Not so. Approximately 1,700 people in American become millionaires on a daily basis.

www.factretriever.com/millionaire-facts has an article entitled, “29 Valuable Facts about Millionaires,” by Karin Lehnardt, Senior Writer.

Among the highlights.....

In the United States, approximately 7% of households are millionaires.

A 2010 study argues that millionaires (those in the top 1% of earners) pay approximately 40% of all taxes in the United States.

According to the book “The Millionaire Next Door,” only 20% of millionaires inherited their wealth. The other 80% earned their cash on their own.

The preferred car of millionaires is a Ford. Cadillacs are second and Lincolns are third. Many millionaires avoid high-priced cars in favor or a more economical set of wheels because cars are investments with little return.

Only 20% of millionaires are retirees. Around 80% still go to work.

The average millionaire goes bankrupt at least 3.5 times.

Most modern American millionaires today (about 80%) are first-generation millionaires. Usually the fortune they build will dissipate by the second or third generation.

Most American millionaires are manager-owners of businesses.

Half of all millionaires are self-employed or own a business. Around 80% of millionaires are college graduates.

In the year 1900, there were only 5,000 millionaires in the U.S. In 2000, there were more than five million.
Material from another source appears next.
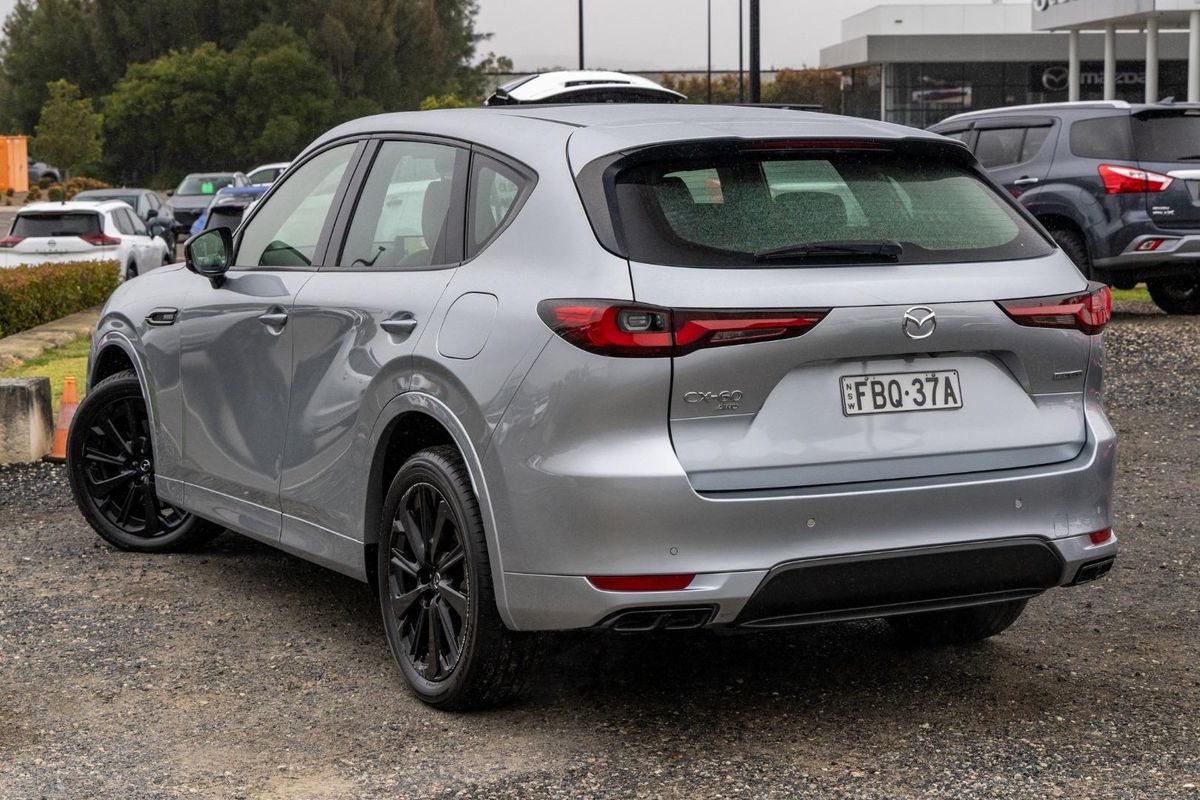 2023 Mazda CX-60 G40e GT KH Series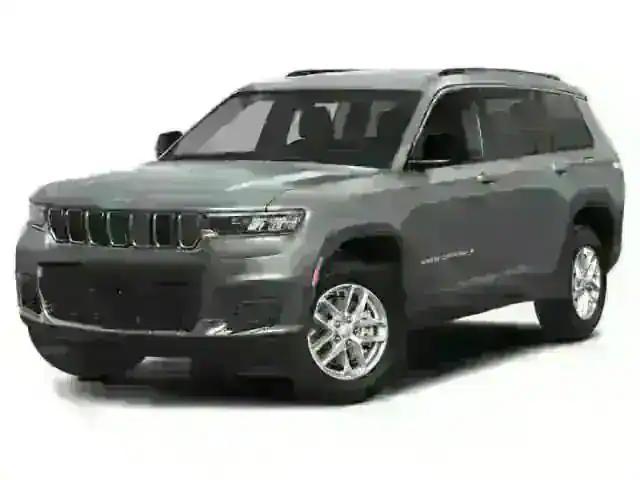 new 2025 Jeep Grand Cherokee L car, priced at $47,748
Before the 2008 crash, there were 9.2 million American households worth $1 million or more.


If the Republicans are going to join the democrats in the demonization of the so-called rich, then they truly are the Uniparty. How does punishing the people who create most of the jobs and make the country work help the economy?

Case in point....I live in Maine. Back in 1990, when Bill Clinton, Sen. George Mitchell of Maine, et al pushed through the “luxury tax,” it including a tax on new yachts.
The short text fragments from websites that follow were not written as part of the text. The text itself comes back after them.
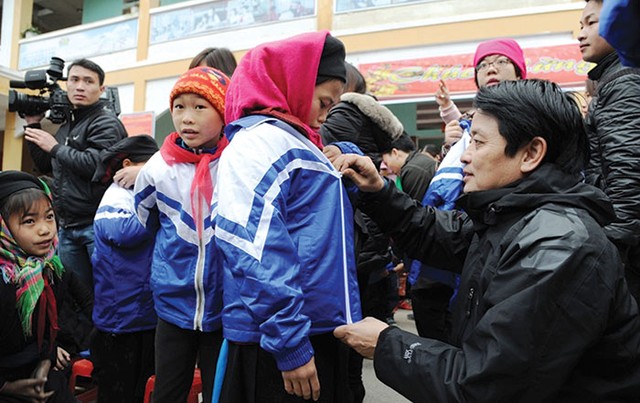 Tết về bản ảnh 1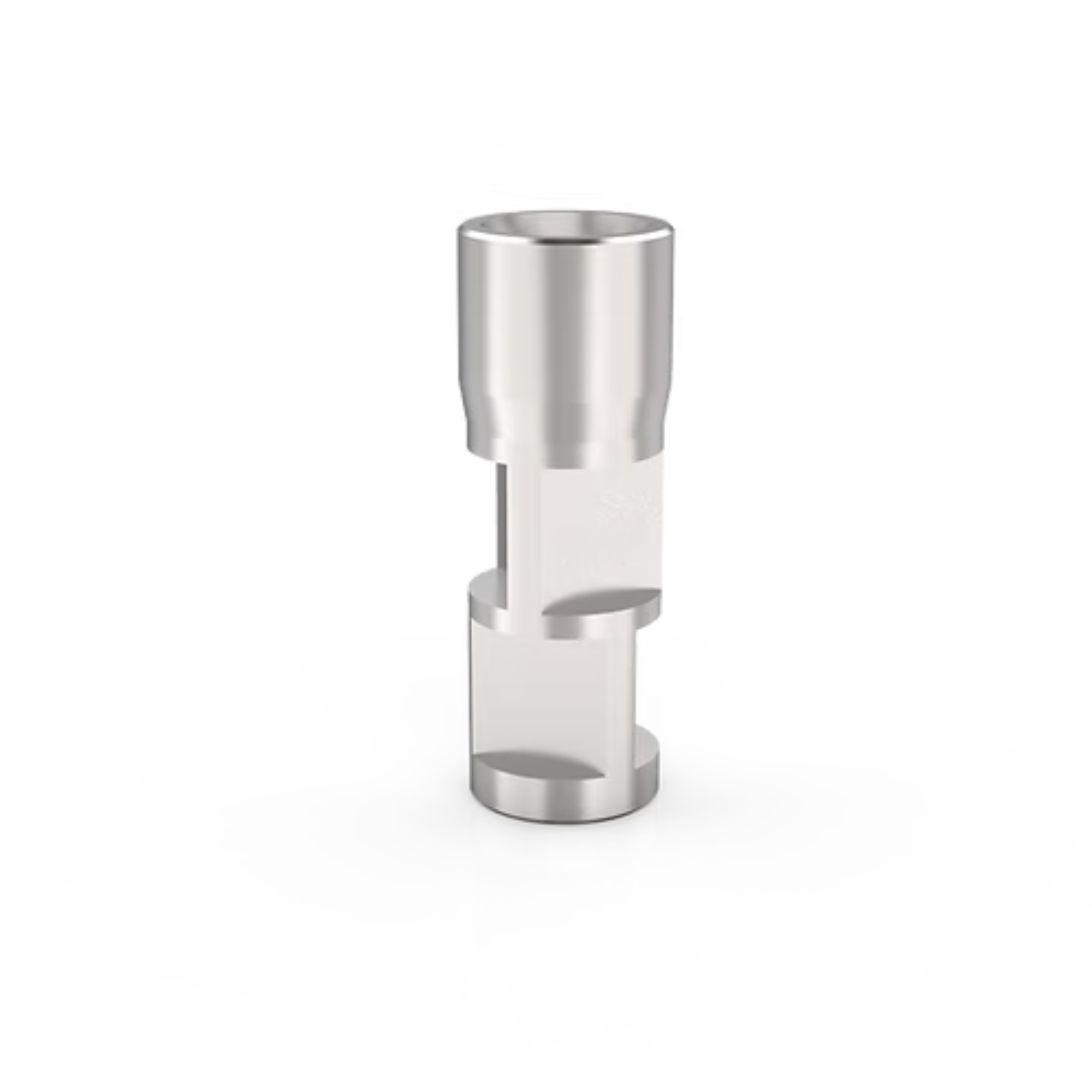 Dentium compatible dental lab analog titanium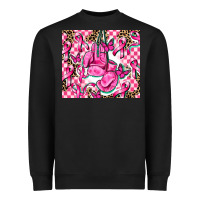 Black nobody fights alone Heavyweight Sweatshirt - AdoDesignShop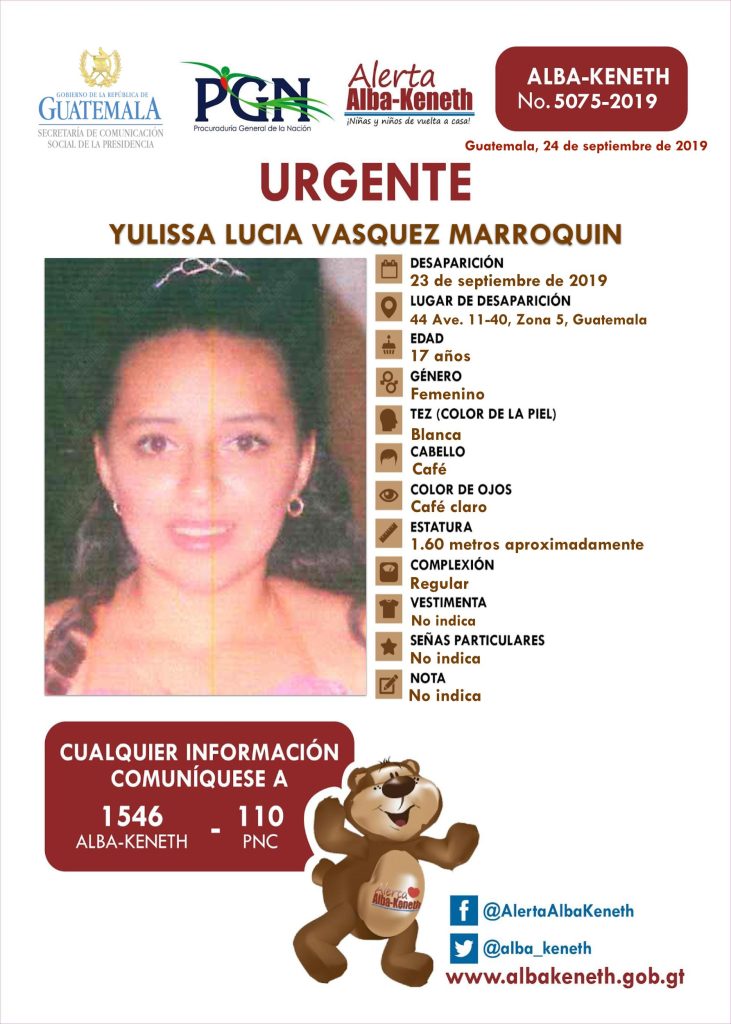Boletín Alba-Keneth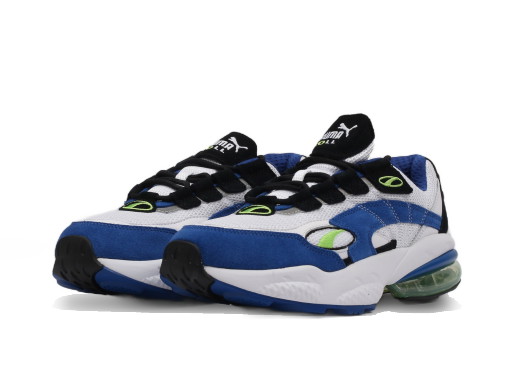 Sneakerek és cipők Puma Cell Venom white - surf the web Többszínű | 369354 01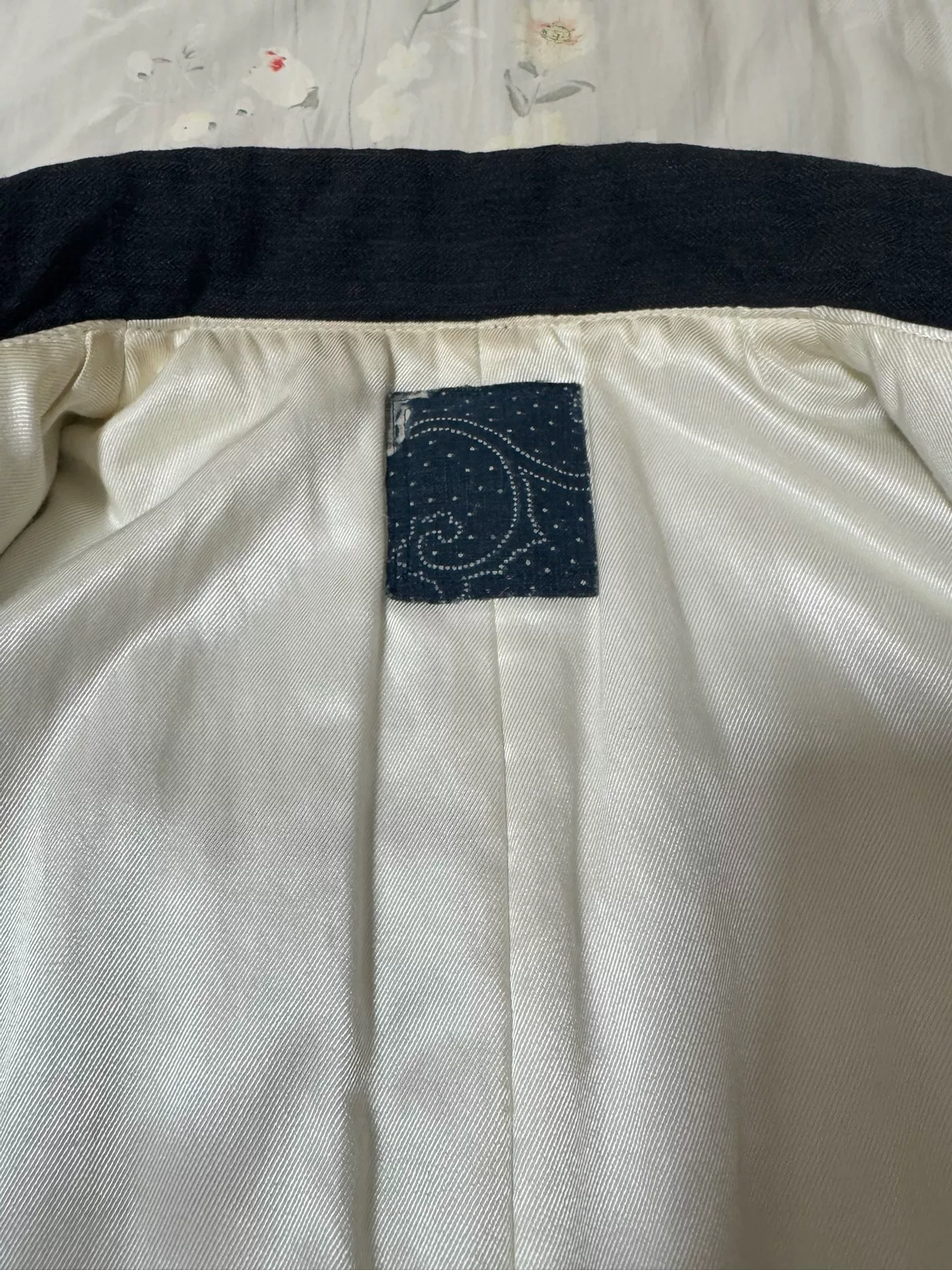 visvim 19AW ICT Gang Coverall — back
“Rich” people, instead of buying new yachts in America, either bought new yachts overseas or used yachts at home. Many small shipyards here in Maine suffered, and laid off many workers. It wasn’t the “rich” who suffered, it was the men with young families who formerly worked in the shipyards who suffered.

As for the “super-rich” like Bill Gates, Mark Zuckerberg, Paul Allen, Pierre Odiymar (founder of eBay), Jeff Bezos, etc., most of their wealth is in the form of stock they own in their respective companies.


135 posted on 10/25/2017 3:27:04 PM PDT by july4thfreedomfoundation ("You can't fix America without pissing off the people who broke it".....Bill Mitchell)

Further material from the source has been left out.